Bitcoin fees spiked after halving, which coincides with the launch of Runes protocol and higher-than-usual network activity.

Posted April 24, 2024

HUB - Bitcoin fees spiked to $128 on Halving before coming back down
HUB - Bitcoin fees spiked to $128 on Halving before coming back down

Bitcoin’s most recent “halving” took place on Friday night, with the price of Bitcoin holding steady at approximately $63,907 on April 20th, 2024. Coincidentally, transaction fees have surged dramatically, averaging up to $128.45. This figure sets a new record, which is over seven times greater than the average fees of the previous day, and doubling the previous record set three years ago.

Runes protocol — the culprit behind the rise in fees?

The launch of the Runes protocol was planned to coincide with Halving. While this may initially sound as if the protocol was attempting to steal Bitcoin’s spotlight, it represents a new advancement in the Bitcoin space. Runes protocol creator Casey Rodarmor developed it as a new way to issue fungible tokens on Bitcoins, akin to Ethereum’s ERC-20. This soon enables the creation of various assets like memecoins and governance tokens on the Bitcoin network.
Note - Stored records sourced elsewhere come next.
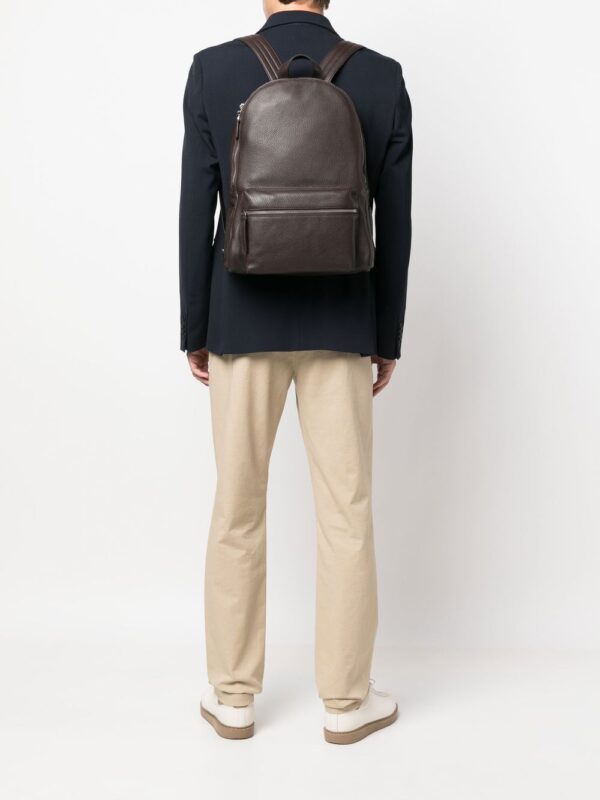 Orciani logo-plaque leather backpack - Image 2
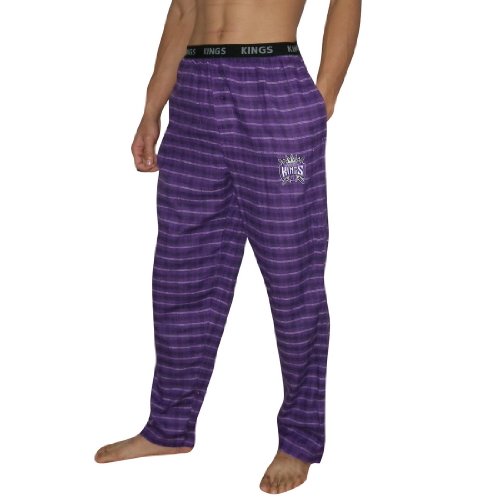 Mens NBA Sacramento Kings Plaid Cotton Thermal Sleepwear / Pajama Pants - Purple & Black (Size: S)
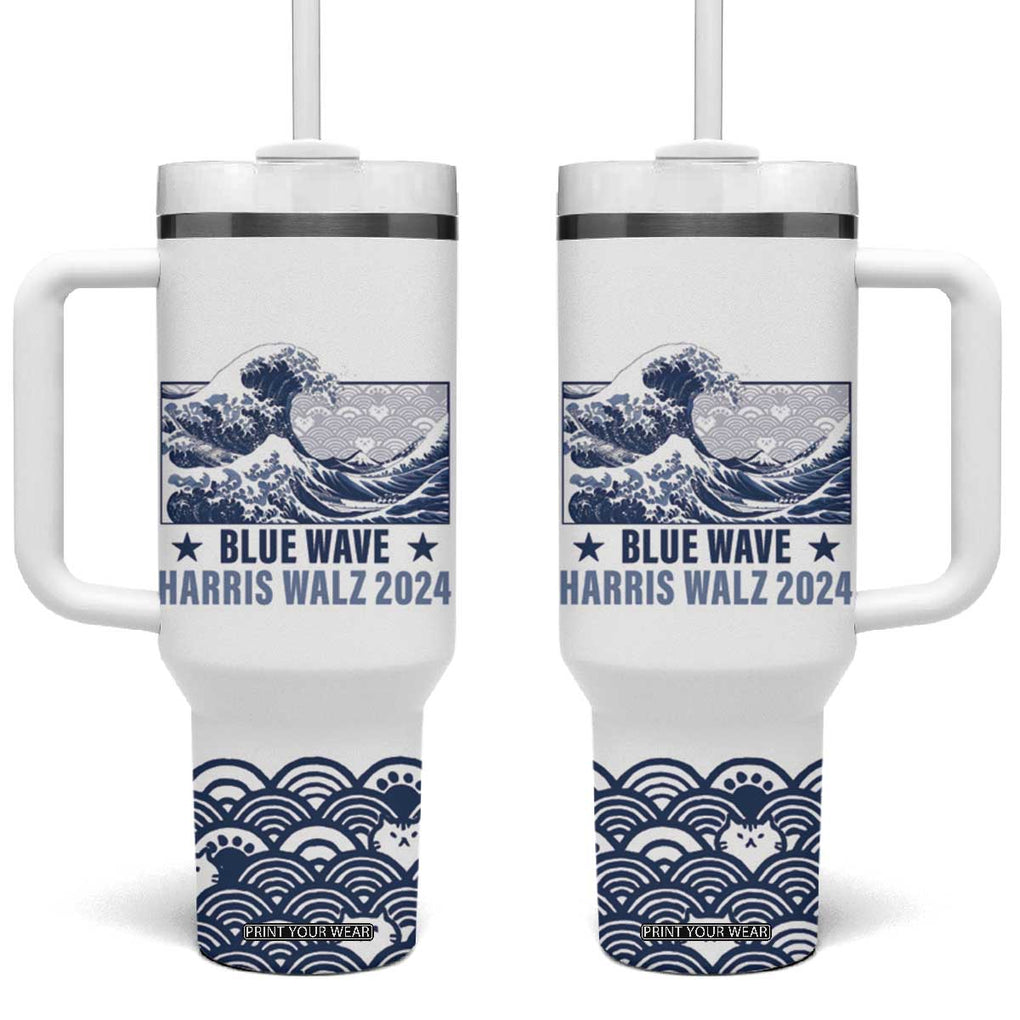 Kamala Blue Wave 2024 Tumbler With Handle Cute Cats Wave Harris Walz TB09 One Size: 40 oz White Print Your Wear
The incredibly fast adoption of Runes led to a rise in Bitcoin’s transaction fees due to higher-than-usual network activity. However, the impact of this standard is gradually diminishing. At the time of writing, Bitcoin’s average transaction fee was close to $30. This decrease could indicate the Bitcoin network’s resilience against abrupt changes to network activity. This resilience actually mirrors Bitcoin’s historical ability to endure transaction surges and fee spikes.

Bitcoin median transaction fees past 14 by Dune
Bitcoin fees dropped sharply after 20 April (post-halving). Credits: Dune Analytics

An earlier technology that paved the way for Runes is the Ordinals protocol, which debuted in December 2022. Ordinals brought a groundbreaking cultural movement to Bitcoin by enabling users to embed items such as images, audio, and code files on the Bitcoin blockchain.

Runes represents a natural progression of the Bitcoin ecosystem, addressing the demand among Bitcoin users for functionalities akin to those offered by Ethereum and Solana. Of course, these networks have been the go-to networks for issuing and trading other assets.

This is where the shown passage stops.